In 1944, Niebuhr considered the idealistic children of light to be the bugbear of American democracy, and he aimed many, if not most, of his criticisms against them. They drew his ire because they had built our democratic civilization and given it a sentimental taint (10–11). In their unrelenting cynicism, the children of darkness also threatened the viability of democracy by undermining confidence in the individual’s commitment to the common good. But, as heirs of the Enlightenment’s confidence in rationality and liberalism’s assurance of the progress of history, the children of light exerted an influence over the political and religious thinking of the day that Niebuhr viewed with special concern. While he sympathized with their idealistic aspirations, he was dismissive of their lack of realism. They exhibited an obliviousness to the tenacity of self-interest and the practical circumstances of political life that had rendered their ambitions feckless (10–15).

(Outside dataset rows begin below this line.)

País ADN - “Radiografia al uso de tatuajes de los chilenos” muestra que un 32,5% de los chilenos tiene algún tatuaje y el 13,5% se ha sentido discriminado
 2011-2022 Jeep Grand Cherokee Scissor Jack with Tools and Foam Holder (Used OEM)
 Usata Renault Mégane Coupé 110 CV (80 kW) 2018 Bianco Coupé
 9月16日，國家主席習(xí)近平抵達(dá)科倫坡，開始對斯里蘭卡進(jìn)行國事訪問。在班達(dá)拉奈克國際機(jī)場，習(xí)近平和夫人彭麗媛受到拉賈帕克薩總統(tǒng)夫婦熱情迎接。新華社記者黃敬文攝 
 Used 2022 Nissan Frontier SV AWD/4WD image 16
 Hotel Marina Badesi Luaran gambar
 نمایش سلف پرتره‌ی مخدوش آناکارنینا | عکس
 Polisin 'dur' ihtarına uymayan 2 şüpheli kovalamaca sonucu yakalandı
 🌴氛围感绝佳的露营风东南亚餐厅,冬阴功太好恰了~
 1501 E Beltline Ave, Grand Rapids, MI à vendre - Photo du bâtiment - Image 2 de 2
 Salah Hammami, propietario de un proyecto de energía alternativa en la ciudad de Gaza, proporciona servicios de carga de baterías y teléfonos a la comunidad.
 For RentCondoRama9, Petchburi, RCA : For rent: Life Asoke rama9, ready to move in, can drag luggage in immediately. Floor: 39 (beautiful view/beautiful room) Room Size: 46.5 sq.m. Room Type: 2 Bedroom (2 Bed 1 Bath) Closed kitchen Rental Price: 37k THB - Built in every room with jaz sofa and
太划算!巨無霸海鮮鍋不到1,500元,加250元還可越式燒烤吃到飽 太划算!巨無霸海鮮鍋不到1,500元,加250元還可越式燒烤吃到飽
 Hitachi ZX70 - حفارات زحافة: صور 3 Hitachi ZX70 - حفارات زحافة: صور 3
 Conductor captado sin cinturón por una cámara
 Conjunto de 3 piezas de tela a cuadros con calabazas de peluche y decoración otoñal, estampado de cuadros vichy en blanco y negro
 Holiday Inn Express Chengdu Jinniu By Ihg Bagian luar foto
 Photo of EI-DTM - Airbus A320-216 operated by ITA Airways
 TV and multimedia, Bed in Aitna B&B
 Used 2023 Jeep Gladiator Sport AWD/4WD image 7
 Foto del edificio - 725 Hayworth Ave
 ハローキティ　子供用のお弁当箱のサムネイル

Niebuhr thought a more adequate vindication of democracy would acknowledge certain characteristics of political life and of human nature overlooked by each group of children. He stated the central thesis of The Children of Light in a foreword to a subsequent edition (1960): “A free society prospers best in a cultural, religious and moral atmosphere which encourages neither a too pessimistic nor too optimistic view of human nature.”8 At its heart, the book is concerned with advancing a deeper understanding of human beings and of the political arrangements that can accommodate it.

For Niebuhr, an element of that understanding envisioned the political community as both organism and artifact (65). It is an organism in the sense that individuals are inherently social, are shaped by social experience, and are dependent on communities for many of their needs. Political community is also a moral and historical artifact: moral in its management and mitigation of conflict among individuals, and historical in being created and shaped over time by “we the people.” Of course, defining the “we” is one of the fundamental challenges of any democratic system. Racism, misogyny, and various kinds of prejudice and injustice have constrained and distorted that definition. This is to say that politics takes place at the intersection of culture, economics, history, geography, power, ethnicity, and religion. The Children of Light is not concerned with political anthropology or ethics per se, but with the implications of a holistic anthropology in the domain of the political (79–85).

Now, eight decades after its appearance, the book continues to draw attention. Contemporary analyses understandably ask about its relevance. The international order has moved beyond the American Century into a fluid, multipolar landscape; it has become more deeply ensnared in the nuclear era. America continues to bear global responsibilities, yet its leadership is complicated by global phenomena beyond its control, among them environmental degradation, mass migration, technological upheavals, religious and ethnic conflict, and globalization. Domestically, the connective tissue of American democracy seems to be seriously fraying. Partisan vitriol, legislative gridlock, misinformation and conspiracy-mongering, diminishing trust in government: These are some of the indicia of a polity under stress.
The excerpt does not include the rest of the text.